A carência de cauxi afeta diretamente a produção das cerâmicas e, por conseguinte, impacta a identidade cultural e a renda dessa população indígena, que comercializa suas obras. “Estamos ameaçados, tanto culturalmente quanto também na renda”, salientou a liderança. Ela explicou que todas as peças produzidas pelos Waurá estão intrinsecamente ligadas aos elementos naturais ao seu redor, como animais, pássaros e peixes. “Além disso, [as cerâmicas] são pedaços de nossas histórias, são memórias. Através de cada peça, a gente tem contado do [nosso] passado e da [nossa] cultura também. Cada pintura que fazemos, por meio dessas linhas, nos mantêm conectados ao passado, ao presente e ao futuro”, concluiu, evidenciando o profundo significado cultural de cada artefato.

Adicionalmente, Yakuwipu revelou em outra entrevista à Agência Brasil, realizada no Espaço Floresta do Centro do Instituto Socioambiental, que as mudanças climáticas também têm dificultado a produção de alimentos essenciais. “Em 2023, não conseguimos plantar uma grande escala de mandioca. Eu replantei três vezes, e a mandioca cresceu toda pequena. E a gente não conseguiu plantar milho, perdemos todas as sementes. Também não conseguimos plantar bananas”, exemplificou, ressaltando a abrangência da crise.

A Voz Indígena na COP 30

Para a líder indígena, todo esse cenário de adversidades sublinha a urgência dos debates na Conferência das Nações Unidas sobre Mudança do Clima (COP 30), agendada para Belém, entre 10 e 21 de novembro. É imperativo, segundo ela, que as autoridades escutem atentamente as vozes indígenas e que os fazendeiros, por sua vez, “deixem de desmatar as florestas”.

Yakuwipu enfatizou a necessidade de consulta: “Os xinguanos [habitantes do Xingu] precisam ser consultados sobre todas as obras que vão ser construídas em volta do Xingu, porque a gente já tem uma experiência em relação à [usina] PCH Paranatinga II, que foi construída sem estudo nenhum”. Ela lembrou que, embora as autoridades tenham prometido que a usina não afetaria a vida local, “passados dez anos, ela que foi responsável por secar o Rio Xingu”. Portanto, para evitar futuros desastres ambientais, “é preciso que as autoridades nos respeitem, porque o rio e a floresta respiram como nós”, pontuou com veemência.
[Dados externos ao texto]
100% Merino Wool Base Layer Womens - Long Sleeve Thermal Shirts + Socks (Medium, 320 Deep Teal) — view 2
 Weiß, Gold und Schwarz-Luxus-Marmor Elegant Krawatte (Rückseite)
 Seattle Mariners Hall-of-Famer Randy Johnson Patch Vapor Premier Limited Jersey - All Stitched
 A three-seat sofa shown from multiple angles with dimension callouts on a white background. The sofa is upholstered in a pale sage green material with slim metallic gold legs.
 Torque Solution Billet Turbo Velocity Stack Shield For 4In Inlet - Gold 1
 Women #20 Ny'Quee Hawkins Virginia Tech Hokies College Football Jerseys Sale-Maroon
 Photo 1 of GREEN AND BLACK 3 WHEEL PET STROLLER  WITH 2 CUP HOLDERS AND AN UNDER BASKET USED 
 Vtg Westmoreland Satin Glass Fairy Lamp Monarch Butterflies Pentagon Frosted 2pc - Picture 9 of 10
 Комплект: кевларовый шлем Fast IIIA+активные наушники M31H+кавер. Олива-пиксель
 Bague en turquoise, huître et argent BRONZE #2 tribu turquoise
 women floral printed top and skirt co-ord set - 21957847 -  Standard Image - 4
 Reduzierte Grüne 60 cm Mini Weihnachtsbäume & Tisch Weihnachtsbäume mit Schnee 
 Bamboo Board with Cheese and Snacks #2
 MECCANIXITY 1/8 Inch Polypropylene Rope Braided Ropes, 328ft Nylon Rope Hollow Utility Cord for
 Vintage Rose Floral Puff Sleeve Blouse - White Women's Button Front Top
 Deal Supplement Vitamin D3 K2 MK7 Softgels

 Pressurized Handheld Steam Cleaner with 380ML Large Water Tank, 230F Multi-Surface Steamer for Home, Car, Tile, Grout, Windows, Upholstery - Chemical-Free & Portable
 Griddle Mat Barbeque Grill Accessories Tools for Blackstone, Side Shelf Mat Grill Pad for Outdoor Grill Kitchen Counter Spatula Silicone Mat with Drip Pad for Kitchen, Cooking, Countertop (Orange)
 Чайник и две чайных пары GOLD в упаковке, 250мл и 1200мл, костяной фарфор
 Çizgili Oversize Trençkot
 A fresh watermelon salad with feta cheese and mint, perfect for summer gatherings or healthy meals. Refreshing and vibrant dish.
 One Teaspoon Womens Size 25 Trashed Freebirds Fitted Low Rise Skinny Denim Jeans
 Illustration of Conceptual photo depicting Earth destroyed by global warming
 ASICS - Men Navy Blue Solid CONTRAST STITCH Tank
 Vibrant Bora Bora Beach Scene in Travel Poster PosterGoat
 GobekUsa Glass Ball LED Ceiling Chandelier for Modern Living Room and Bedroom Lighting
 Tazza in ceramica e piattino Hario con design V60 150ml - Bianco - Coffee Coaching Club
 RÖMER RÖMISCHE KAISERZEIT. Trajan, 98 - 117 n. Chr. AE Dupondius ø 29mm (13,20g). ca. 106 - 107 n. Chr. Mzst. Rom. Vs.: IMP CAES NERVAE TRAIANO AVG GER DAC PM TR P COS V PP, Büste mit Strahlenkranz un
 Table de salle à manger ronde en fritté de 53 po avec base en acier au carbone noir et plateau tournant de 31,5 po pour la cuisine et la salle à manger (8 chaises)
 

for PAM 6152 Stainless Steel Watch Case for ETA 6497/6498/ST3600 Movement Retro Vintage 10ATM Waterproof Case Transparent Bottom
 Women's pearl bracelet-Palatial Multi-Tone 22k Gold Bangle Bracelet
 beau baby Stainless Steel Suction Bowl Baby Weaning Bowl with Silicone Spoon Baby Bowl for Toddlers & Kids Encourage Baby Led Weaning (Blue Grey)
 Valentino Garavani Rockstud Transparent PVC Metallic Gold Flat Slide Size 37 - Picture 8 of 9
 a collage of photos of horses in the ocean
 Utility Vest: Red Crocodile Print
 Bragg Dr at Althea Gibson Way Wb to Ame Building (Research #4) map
Karina Araújo, analista de pesquisa social do Programa Xingu do Instituto Socioambiental, corroborou essa visão, afirmando que é fundamental que os povos indígenas sejam ouvidos tanto em relação aos projetos de infraestrutura do país quanto às ações que visam impedir o desmatamento e as queimadas na região. “Acho que essa consulta livre, prévia e informada é um tipo de solução”, disse Karina. Ela argumentou que “se você vai fazer um empreendimento sem ouvir os povos indígenas, você vai afetar não só os povos indígenas, você vai afetará todo o entorno e as gerações futuras. Quando a gente ouve os povos indígenas, eles estão fazendo a mitigação e a adaptação”. Além disso, ela apontou que “no entorno do Parque Indígena do Xingu, temos muita produção de soja. É preciso que as autoridades dos países que compram essa soja vejam como são também responsáveis por afetar esse equilíbrio ambiental”.

Karina expressou grande esperança na participação dos povos indígenas na COP 30. “Além do evento acontecer no Brasil, ele acontece aqui nesse momento político em que temos o Ministério dos Povos Indígenas”, observou. Ela adicionou que “temos organizações indígenas muito fortalecidas por esse ministério e por toda uma mudança, vamos dizer assim, de financiadores. Atualmente, temos muito mais financiadores ou empresas financiando diretamente as associações e organizações indígenas. Isso aumenta o protagonismo dos indígenas”. Em suma, ela espera “que tanto o governo brasileiro como os governos de outros países se coloquem em escuta [aos apelos indígenas]”.